Only the lines below starting at the one that contains "NEW Zara Trafaluc" and ending at the one that contains "लगी आग श्रीकांत" are to be reproduced, exactly and with both ends kept.

+++ Exercise data

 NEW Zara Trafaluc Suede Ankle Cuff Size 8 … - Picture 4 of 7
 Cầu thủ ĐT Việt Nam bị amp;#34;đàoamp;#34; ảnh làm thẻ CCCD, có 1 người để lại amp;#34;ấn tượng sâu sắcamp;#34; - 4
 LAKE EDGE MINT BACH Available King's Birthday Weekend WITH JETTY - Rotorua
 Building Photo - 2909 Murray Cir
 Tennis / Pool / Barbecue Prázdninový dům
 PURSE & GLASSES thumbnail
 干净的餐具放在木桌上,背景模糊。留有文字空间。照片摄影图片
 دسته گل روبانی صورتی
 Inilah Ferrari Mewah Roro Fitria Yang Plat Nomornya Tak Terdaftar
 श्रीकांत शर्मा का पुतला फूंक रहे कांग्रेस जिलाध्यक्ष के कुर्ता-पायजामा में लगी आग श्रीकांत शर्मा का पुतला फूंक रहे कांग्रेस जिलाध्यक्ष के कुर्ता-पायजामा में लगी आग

++++++
+++ Exercise data

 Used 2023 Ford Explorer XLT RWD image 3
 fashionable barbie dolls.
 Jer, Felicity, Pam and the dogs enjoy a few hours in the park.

++++++

**Response area:**
 NEW Zara Trafaluc Suede Ankle Cuff Size 8 … - Picture 4 of 7
 Cầu thủ ĐT Việt Nam bị amp;#34;đàoamp;#34; ảnh làm thẻ CCCD, có 1 người để lại amp;#34;ấn tượng sâu sắcamp;#34; - 4
 LAKE EDGE MINT BACH Available King's Birthday Weekend WITH JETTY - Rotorua
 Building Photo - 2909 Murray Cir
 Tennis / Pool / Barbecue Prázdninový dům
 PURSE & GLASSES thumbnail
 干净的餐具放在木桌上,背景模糊。留有文字空间。照片摄影图片
 دسته گل روبانی صورتی
 Inilah Ferrari Mewah Roro Fitria Yang Plat Nomornya Tak Terdaftar
 श्रीकांत शर्मा का पुतला फूंक रहे कांग्रेस जिलाध्यक्ष के कुर्ता-पायजामा में लगी आग श्रीकांत शर्मा का पुतला फूंक रहे कांग्रेस जिलाध्यक्ष के कुर्ता-पायजामा में लगी आग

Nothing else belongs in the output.